Five nines requires redundancy at every layer, automated failover, zero-downtime deployments, and serious operational investment. Ask whether that’s actually required before designing for it — most systems don’t need it.

Worked Example: URL Shortener

Assumptions: 1B total URLs stored, 100M reads/day, 100K new URLs created/day.

Storage:
1B URLs × 100 bytes = 100 GB total URL data
With metadata × 3 = 300 GB

Read QPS:
100M reads/day / 86,400 = 1,157 QPS average
Peak = 1,157 × 3 = 3,471 QPS ≈ 3.5K QPS

Write QPS:
100K new URLs/day / 86,400 = 1.16 QPS (negligible)

Cache:
Top 20% of URLs = 20% of 100 GB = 20 GB of RAM for cache
With 80% hit rate: only 700 QPS reaches the database

Conclusion: a small cluster of API servers, a single primary PostgreSQL database with a read replica, and a 20 GB Redis cache handles this workload comfortably. No sharding needed at this scale.

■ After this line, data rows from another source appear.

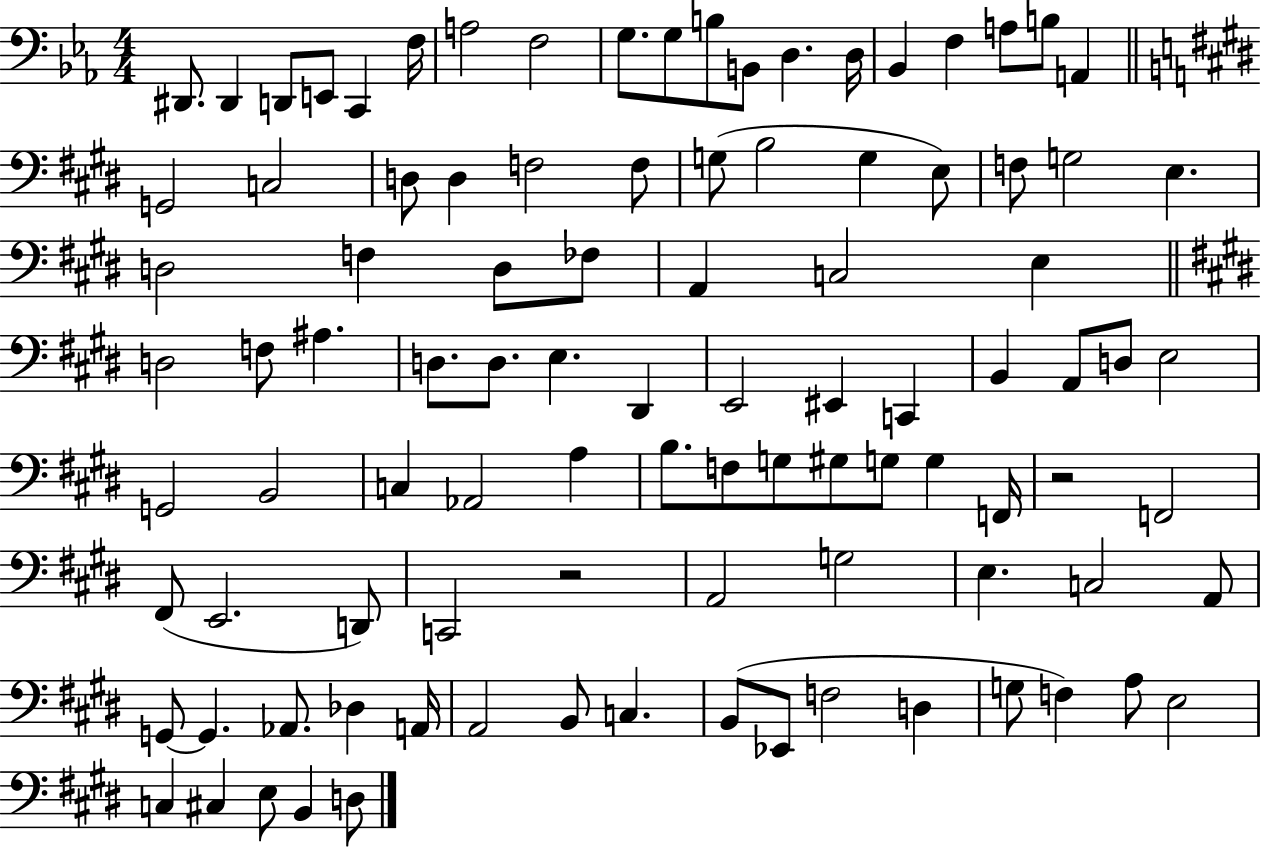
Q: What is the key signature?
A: EES major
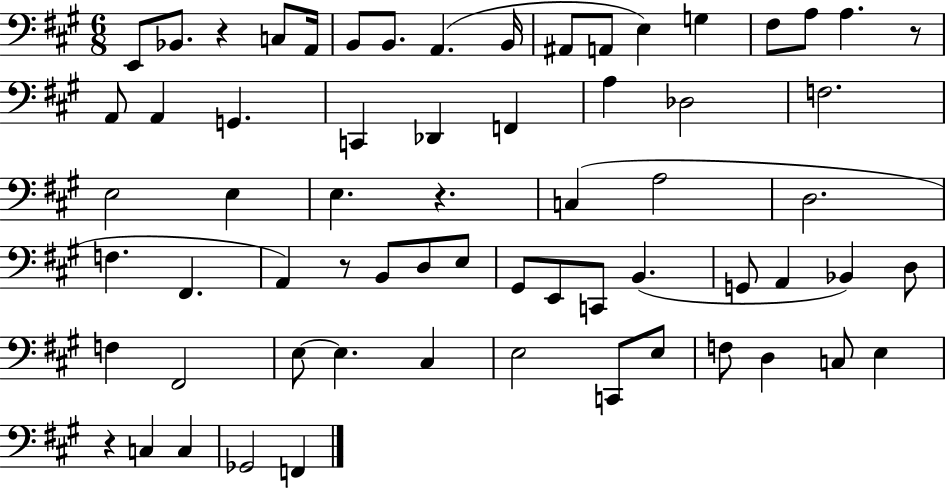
X:1
T:Untitled
M:6/8
L:1/4
K:A
E,,/2 _B,,/2 z C,/2 A,,/4 B,,/2 B,,/2 A,, B,,/4 ^A,,/2 A,,/2 E, G, ^F,/2 A,/2 A, z/2 A,,/2 A,, G,, C,, _D,, F,, A, _D,2 F,2 E,2 E, E, z C, A,2 D,2 F, ^F,, A,, z/2 B,,/2 D,/2 E,/2 ^G,,/2 E,,/2 C,,/2 B,, G,,/2 A,, _B,, D,/2 F, ^F,,2 E,/2 E, ^C, E,2 C,,/2 E,/2 F,/2 D, C,/2 E, z C, C, _G,,2 F,,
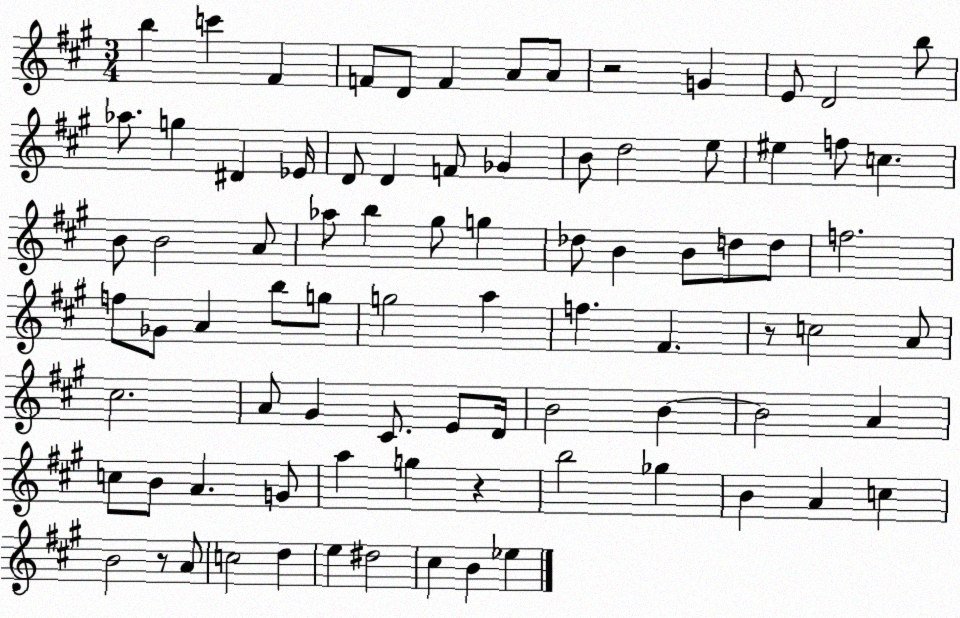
X:1
T:Untitled
M:3/4
L:1/4
K:A
b c' ^F F/2 D/2 F A/2 A/2 z2 G E/2 D2 b/2 _a/2 g ^D _E/4 D/2 D F/2 _G B/2 d2 e/2 ^e f/2 c B/2 B2 A/2 _a/2 b ^g/2 g _d/2 B B/2 d/2 d/2 f2 f/2 _G/2 A b/2 g/2 g2 a f ^F z/2 c2 A/2 ^c2 A/2 ^G ^C/2 E/2 D/4 B2 B B2 A c/2 B/2 A G/2 a g z b2 _g B A c B2 z/2 A/2 c2 d e ^d2 ^c B _e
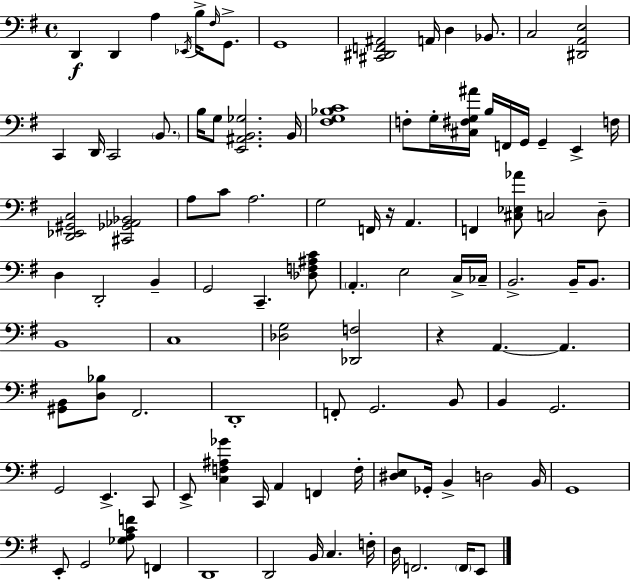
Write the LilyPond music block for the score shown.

{
  \clef bass
  \time 4/4
  \defaultTimeSignature
  \key g \major
  \repeat volta 2 { d,4\f d,4 a4 \acciaccatura { ees,16 } b16-> \grace { fis16 } g,8.-> | g,1 | <cis, dis, f, ais,>2 a,16 d4 bes,8. | c2 <dis, a, e>2 | \break c,4 d,16 c,2 \parenthesize b,8. | b16 g8 <e, ais, b, ges>2. | b,16 <fis g bes c'>1 | f8-. g16-. <cis fis g ais'>16 b16 f,16 g,16 g,4-- e,4-> | \break f16 <d, ees, gis, c>2 <cis, ges, aes, bes,>2 | a8 c'8 a2. | g2 f,16 r16 a,4. | f,4 <cis ees aes'>8 c2 | \break d8-- d4 d,2-. b,4-- | g,2 c,4.-- | <des f ais c'>8 \parenthesize a,4.-. e2 | c16-> ces16-- b,2.-> b,16-- b,8. | \break b,1 | c1 | <des g>2 <des, f>2 | r4 a,4.~~ a,4. | \break <gis, b,>8 <d bes>8 fis,2. | d,1-. | f,8-. g,2. | b,8 b,4 g,2. | \break g,2 e,4.-> | c,8 e,8-> <c f ais ges'>4 c,16 a,4 f,4 | f16-. <dis e>8 ges,16-. b,4-> d2 | b,16 g,1 | \break e,8-. g,2 <ges a c' f'>8 f,4 | d,1 | d,2 b,16 c4. | f16-. d16 f,2. \parenthesize f,16 | \break e,8 } \bar "|."
}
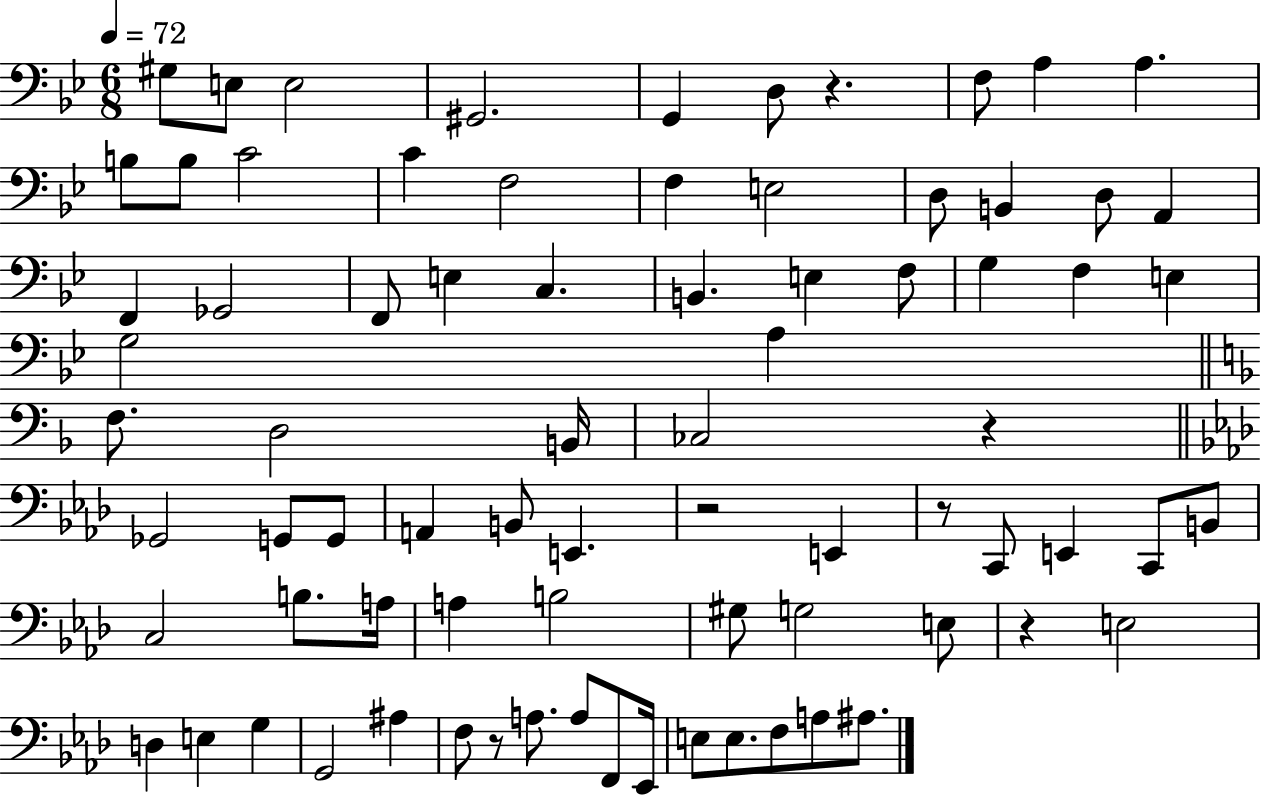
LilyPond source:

{
  \clef bass
  \numericTimeSignature
  \time 6/8
  \key bes \major
  \tempo 4 = 72
  gis8 e8 e2 | gis,2. | g,4 d8 r4. | f8 a4 a4. | \break b8 b8 c'2 | c'4 f2 | f4 e2 | d8 b,4 d8 a,4 | \break f,4 ges,2 | f,8 e4 c4. | b,4. e4 f8 | g4 f4 e4 | \break g2 a4 | \bar "||" \break \key f \major f8. d2 b,16 | ces2 r4 | \bar "||" \break \key f \minor ges,2 g,8 g,8 | a,4 b,8 e,4. | r2 e,4 | r8 c,8 e,4 c,8 b,8 | \break c2 b8. a16 | a4 b2 | gis8 g2 e8 | r4 e2 | \break d4 e4 g4 | g,2 ais4 | f8 r8 a8. a8 f,8 ees,16 | e8 e8. f8 a8 ais8. | \break \bar "|."
}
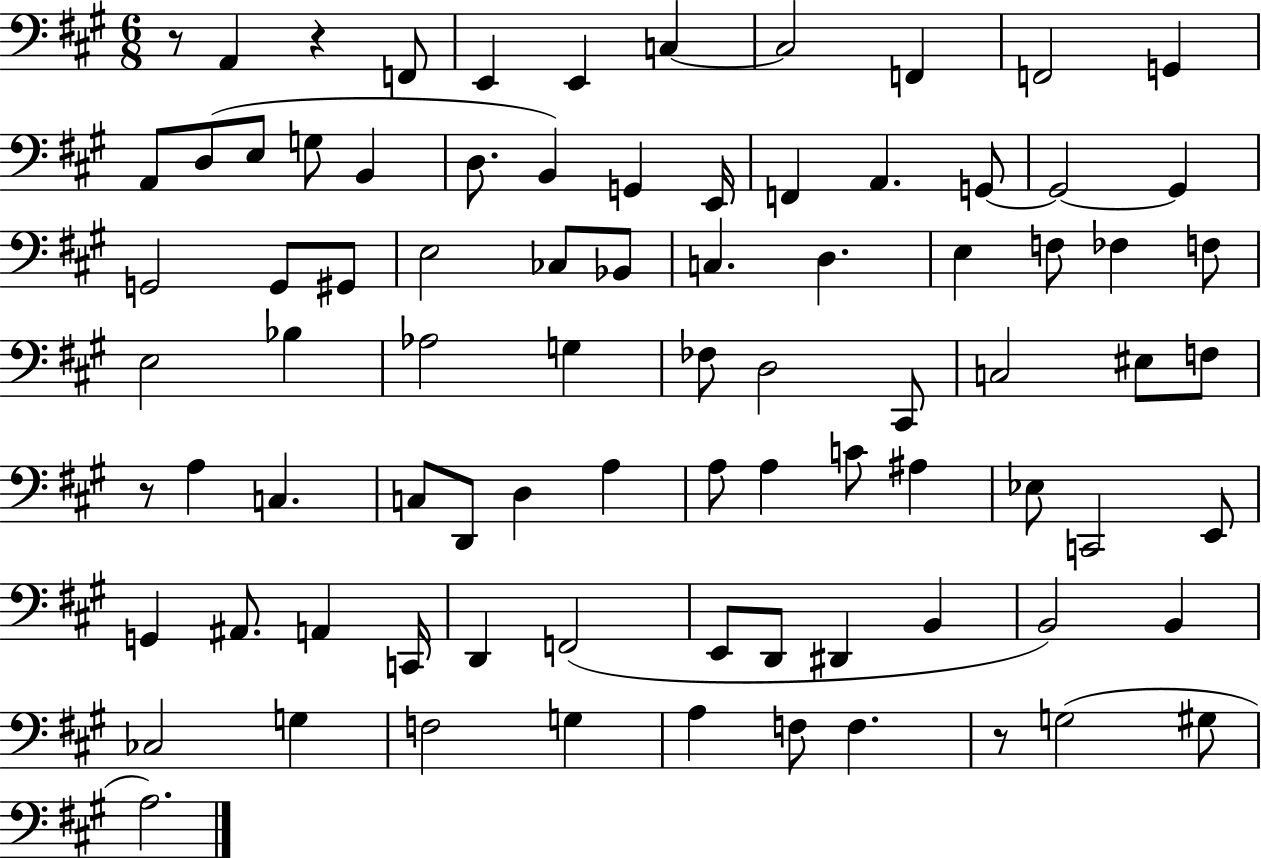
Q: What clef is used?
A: bass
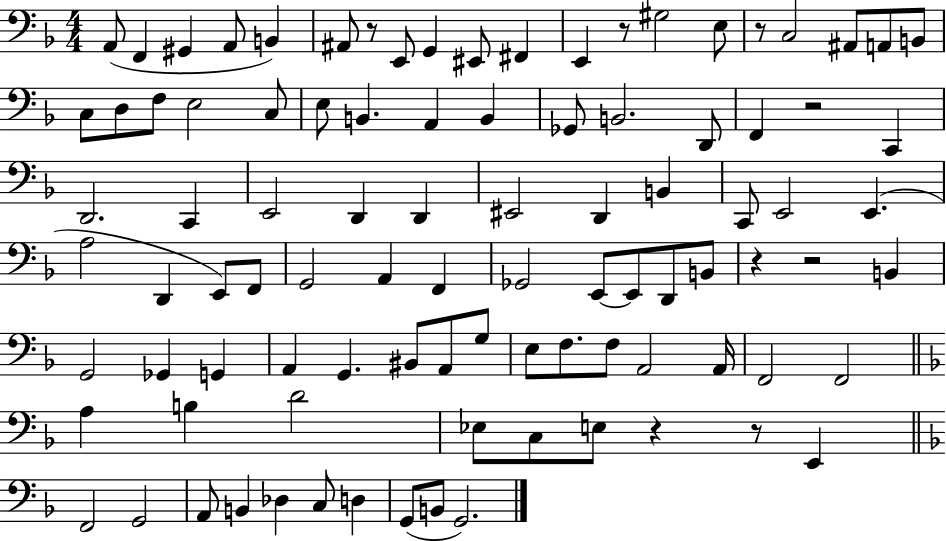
{
  \clef bass
  \numericTimeSignature
  \time 4/4
  \key f \major
  \repeat volta 2 { a,8( f,4 gis,4 a,8 b,4) | ais,8 r8 e,8 g,4 eis,8 fis,4 | e,4 r8 gis2 e8 | r8 c2 ais,8 a,8 b,8 | \break c8 d8 f8 e2 c8 | e8 b,4. a,4 b,4 | ges,8 b,2. d,8 | f,4 r2 c,4 | \break d,2. c,4 | e,2 d,4 d,4 | eis,2 d,4 b,4 | c,8 e,2 e,4.( | \break a2 d,4 e,8) f,8 | g,2 a,4 f,4 | ges,2 e,8~~ e,8 d,8 b,8 | r4 r2 b,4 | \break g,2 ges,4 g,4 | a,4 g,4. bis,8 a,8 g8 | e8 f8. f8 a,2 a,16 | f,2 f,2 | \break \bar "||" \break \key d \minor a4 b4 d'2 | ees8 c8 e8 r4 r8 e,4 | \bar "||" \break \key f \major f,2 g,2 | a,8 b,4 des4 c8 d4 | g,8( b,8 g,2.) | } \bar "|."
}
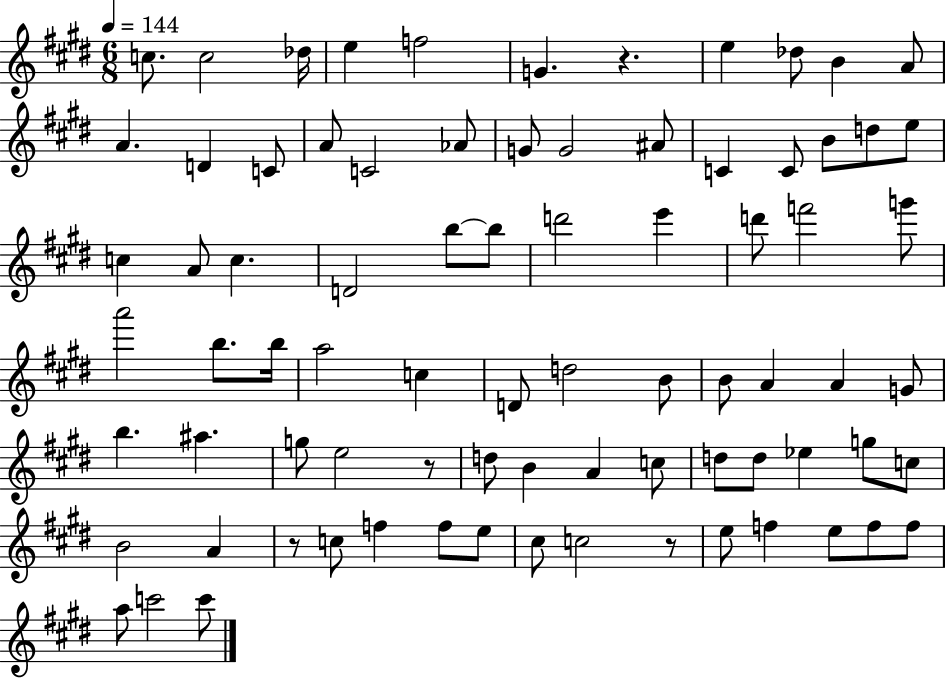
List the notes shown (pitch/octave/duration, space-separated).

C5/e. C5/h Db5/s E5/q F5/h G4/q. R/q. E5/q Db5/e B4/q A4/e A4/q. D4/q C4/e A4/e C4/h Ab4/e G4/e G4/h A#4/e C4/q C4/e B4/e D5/e E5/e C5/q A4/e C5/q. D4/h B5/e B5/e D6/h E6/q D6/e F6/h G6/e A6/h B5/e. B5/s A5/h C5/q D4/e D5/h B4/e B4/e A4/q A4/q G4/e B5/q. A#5/q. G5/e E5/h R/e D5/e B4/q A4/q C5/e D5/e D5/e Eb5/q G5/e C5/e B4/h A4/q R/e C5/e F5/q F5/e E5/e C#5/e C5/h R/e E5/e F5/q E5/e F5/e F5/e A5/e C6/h C6/e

Assumptions: 1B registered users, 20% DAU = 200M active users, 2 photo uploads per DAU per day, 30 photo reads per DAU per day.

Upload QPS:
200M users × 2 uploads/day / 86,400 = 4,630 QPS uploads

Read QPS:
200M users × 30 reads/day / 86,400 = 69,444 QPS reads
Peak reads = 69,444 × 2 = 138,888 QPS ≈ 139K QPS

Photo storage:
200M uploads/day × 5 MB (HD photo) = 1,000 TB/day = 1 PB/day
With thumbnails + multiple resolutions × 3 = 3 PB/day

5-year storage = 3 PB/day × 365 × 5 ≈ 5,475 PB ≈ 5.5 exabytes

At this scale: CDN is mandatory (139K read QPS cannot hit origin servers), photos go to object storage (S3 or equivalent), metadata goes into a sharded NoSQL store (Cassandra), and the upload pipeline uses async processing (upload to S3 → trigger Lambda → generate thumbnails → update metadata). This is a fundamentally different architecture than the URL shortener example.